• _Action item_
Every line below that contains the word "Sunrise" must be copied.

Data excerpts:
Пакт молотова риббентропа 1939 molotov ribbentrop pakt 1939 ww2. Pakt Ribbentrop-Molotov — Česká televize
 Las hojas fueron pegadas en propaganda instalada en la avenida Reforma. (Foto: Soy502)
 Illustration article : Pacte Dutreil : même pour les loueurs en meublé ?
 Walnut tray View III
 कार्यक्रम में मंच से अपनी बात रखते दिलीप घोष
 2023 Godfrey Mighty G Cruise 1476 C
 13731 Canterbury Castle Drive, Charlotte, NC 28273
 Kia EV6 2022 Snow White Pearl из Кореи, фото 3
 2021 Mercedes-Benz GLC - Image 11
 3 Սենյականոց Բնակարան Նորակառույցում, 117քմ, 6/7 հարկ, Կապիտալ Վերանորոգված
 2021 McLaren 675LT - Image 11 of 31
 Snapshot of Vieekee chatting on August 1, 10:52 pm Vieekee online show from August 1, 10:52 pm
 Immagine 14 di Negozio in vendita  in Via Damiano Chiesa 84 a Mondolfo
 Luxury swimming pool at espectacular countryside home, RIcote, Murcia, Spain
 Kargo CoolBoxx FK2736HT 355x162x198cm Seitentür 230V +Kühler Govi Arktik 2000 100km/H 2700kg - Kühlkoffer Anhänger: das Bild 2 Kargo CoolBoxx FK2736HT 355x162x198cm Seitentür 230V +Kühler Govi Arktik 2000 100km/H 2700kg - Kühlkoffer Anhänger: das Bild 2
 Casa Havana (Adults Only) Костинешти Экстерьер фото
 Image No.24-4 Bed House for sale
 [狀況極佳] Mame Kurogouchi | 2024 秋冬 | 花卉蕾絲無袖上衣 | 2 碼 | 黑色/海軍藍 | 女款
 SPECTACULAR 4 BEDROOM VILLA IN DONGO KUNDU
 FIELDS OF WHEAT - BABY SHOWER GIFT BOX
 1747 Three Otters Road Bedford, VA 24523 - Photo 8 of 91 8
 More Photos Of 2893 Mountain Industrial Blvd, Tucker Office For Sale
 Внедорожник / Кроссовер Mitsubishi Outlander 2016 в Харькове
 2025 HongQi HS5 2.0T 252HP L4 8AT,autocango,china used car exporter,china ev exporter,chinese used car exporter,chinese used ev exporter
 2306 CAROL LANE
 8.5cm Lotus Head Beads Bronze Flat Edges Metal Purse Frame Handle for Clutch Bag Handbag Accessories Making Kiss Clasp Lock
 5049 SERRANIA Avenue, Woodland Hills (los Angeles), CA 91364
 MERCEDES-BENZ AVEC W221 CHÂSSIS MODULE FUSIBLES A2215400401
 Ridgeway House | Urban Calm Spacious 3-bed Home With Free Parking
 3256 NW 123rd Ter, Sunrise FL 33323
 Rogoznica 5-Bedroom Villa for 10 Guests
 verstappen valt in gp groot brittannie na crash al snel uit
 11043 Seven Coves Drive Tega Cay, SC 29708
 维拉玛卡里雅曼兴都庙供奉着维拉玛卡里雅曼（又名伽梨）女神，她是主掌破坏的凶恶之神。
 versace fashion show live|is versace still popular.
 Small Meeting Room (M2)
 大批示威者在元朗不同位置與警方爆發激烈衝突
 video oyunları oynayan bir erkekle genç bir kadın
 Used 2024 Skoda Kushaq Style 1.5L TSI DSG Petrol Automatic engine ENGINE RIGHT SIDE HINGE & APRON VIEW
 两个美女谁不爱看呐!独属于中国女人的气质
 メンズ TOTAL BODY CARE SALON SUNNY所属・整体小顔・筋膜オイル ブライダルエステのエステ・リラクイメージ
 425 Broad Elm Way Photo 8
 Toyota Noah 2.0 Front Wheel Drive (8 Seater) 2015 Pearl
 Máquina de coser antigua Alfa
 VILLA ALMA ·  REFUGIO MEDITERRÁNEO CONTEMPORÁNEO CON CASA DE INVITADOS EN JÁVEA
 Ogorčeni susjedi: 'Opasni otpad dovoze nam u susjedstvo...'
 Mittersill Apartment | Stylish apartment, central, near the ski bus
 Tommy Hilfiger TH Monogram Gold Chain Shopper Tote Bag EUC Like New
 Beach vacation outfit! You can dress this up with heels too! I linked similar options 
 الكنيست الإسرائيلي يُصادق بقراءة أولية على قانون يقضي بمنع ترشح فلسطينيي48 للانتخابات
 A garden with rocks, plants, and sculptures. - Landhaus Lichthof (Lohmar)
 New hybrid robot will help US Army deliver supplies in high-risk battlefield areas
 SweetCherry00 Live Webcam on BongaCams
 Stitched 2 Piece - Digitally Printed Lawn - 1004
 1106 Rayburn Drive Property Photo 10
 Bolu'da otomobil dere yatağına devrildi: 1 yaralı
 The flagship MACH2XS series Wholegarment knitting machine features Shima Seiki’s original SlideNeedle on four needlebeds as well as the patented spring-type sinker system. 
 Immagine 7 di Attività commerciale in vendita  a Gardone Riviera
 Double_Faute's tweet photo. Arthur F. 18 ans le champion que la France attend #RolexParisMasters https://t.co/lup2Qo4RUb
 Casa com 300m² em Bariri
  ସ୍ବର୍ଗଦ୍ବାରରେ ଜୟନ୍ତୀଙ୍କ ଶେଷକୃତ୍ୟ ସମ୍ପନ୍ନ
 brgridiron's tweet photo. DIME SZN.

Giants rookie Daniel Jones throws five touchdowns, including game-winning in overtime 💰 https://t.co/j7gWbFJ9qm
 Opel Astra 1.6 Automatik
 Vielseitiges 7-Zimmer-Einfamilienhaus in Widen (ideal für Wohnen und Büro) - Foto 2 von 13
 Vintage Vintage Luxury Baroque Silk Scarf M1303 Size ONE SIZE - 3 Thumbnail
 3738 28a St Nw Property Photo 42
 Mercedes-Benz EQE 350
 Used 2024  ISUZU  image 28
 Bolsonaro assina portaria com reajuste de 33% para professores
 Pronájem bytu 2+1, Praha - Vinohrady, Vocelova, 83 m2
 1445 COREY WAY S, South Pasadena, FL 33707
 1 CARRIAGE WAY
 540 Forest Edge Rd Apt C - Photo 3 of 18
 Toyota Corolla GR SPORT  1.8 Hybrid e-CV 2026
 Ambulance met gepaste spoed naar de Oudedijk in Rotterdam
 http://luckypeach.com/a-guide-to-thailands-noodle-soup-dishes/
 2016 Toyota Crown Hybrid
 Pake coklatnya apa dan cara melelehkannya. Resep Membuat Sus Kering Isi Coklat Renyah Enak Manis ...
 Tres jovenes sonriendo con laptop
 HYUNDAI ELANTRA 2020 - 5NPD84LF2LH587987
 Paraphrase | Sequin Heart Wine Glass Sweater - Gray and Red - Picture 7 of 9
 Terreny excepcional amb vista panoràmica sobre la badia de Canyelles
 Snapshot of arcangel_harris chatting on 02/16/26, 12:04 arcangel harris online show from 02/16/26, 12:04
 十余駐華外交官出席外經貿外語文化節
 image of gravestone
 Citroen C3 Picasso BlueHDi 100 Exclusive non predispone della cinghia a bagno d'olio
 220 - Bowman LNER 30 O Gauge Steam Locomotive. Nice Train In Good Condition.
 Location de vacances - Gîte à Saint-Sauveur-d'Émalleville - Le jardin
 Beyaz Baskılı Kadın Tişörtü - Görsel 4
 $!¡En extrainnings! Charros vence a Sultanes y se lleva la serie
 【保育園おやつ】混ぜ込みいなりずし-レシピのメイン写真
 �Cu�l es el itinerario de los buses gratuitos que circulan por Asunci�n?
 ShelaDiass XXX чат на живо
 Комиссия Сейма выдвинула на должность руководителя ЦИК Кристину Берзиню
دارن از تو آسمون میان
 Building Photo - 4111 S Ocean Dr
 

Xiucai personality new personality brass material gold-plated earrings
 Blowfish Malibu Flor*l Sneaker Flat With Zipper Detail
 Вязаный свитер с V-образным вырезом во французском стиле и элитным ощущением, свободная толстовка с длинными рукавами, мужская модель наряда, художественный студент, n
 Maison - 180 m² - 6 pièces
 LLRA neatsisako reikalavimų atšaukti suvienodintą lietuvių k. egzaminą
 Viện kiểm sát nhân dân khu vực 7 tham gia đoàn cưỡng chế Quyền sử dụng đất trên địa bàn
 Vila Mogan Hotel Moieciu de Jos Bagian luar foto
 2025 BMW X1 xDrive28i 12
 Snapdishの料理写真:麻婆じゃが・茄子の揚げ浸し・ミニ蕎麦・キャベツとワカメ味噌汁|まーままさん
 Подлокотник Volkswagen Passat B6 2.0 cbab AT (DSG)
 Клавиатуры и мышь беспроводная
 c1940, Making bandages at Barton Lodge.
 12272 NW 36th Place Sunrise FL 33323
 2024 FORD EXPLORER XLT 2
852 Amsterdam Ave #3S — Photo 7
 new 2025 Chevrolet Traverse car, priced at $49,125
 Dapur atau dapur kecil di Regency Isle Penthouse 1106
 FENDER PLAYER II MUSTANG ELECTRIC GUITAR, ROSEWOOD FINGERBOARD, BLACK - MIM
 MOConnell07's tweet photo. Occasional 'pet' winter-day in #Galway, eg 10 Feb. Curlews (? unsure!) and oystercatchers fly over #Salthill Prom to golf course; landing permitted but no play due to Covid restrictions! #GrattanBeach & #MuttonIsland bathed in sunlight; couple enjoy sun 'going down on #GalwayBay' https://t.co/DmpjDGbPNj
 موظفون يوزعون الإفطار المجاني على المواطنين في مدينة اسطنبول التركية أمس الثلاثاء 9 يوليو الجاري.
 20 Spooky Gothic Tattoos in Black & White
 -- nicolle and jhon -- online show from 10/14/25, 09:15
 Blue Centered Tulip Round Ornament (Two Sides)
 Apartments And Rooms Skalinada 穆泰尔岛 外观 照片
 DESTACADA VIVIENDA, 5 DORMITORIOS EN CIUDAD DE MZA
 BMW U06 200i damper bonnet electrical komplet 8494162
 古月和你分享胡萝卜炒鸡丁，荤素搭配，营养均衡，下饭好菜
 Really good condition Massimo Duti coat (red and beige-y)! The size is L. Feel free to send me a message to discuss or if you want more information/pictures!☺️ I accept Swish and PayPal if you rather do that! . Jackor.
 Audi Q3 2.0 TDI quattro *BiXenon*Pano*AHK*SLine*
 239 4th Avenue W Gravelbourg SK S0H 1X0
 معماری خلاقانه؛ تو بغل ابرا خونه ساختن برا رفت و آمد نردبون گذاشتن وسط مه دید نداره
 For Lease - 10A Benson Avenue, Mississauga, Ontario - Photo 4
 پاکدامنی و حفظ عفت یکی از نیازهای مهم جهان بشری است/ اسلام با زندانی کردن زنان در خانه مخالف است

• _Expected output_
 3256 NW 123rd Ter, Sunrise FL 33323
 12272 NW 36th Place Sunrise FL 33323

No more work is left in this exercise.